### [EXERCISE AIM]
Sort through the listing below and keep each line with the word "Video". Copy those.

### [ENTRIES PROVIDED]

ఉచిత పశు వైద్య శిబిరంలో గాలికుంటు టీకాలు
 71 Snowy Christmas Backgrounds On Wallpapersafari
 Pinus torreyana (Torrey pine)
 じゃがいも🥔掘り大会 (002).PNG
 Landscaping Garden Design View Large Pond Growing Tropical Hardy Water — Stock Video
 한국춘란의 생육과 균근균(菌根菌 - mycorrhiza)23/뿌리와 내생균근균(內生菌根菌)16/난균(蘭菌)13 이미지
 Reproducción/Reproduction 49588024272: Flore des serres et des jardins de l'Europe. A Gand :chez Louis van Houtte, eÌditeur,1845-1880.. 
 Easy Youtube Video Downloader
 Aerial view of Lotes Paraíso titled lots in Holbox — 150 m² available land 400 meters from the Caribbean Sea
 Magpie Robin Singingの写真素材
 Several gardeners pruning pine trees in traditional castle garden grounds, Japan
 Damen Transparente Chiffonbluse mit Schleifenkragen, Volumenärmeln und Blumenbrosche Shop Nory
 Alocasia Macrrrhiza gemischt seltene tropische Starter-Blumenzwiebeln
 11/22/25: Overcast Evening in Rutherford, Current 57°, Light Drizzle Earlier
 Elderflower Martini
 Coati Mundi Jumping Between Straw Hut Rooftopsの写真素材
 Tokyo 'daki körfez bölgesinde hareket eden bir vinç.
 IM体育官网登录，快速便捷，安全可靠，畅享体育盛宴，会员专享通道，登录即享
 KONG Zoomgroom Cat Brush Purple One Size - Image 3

### [TASK RESULT]
 Landscaping Garden Design View Large Pond Growing Tropical Hardy Water — Stock Video
 Easy Youtube Video Downloader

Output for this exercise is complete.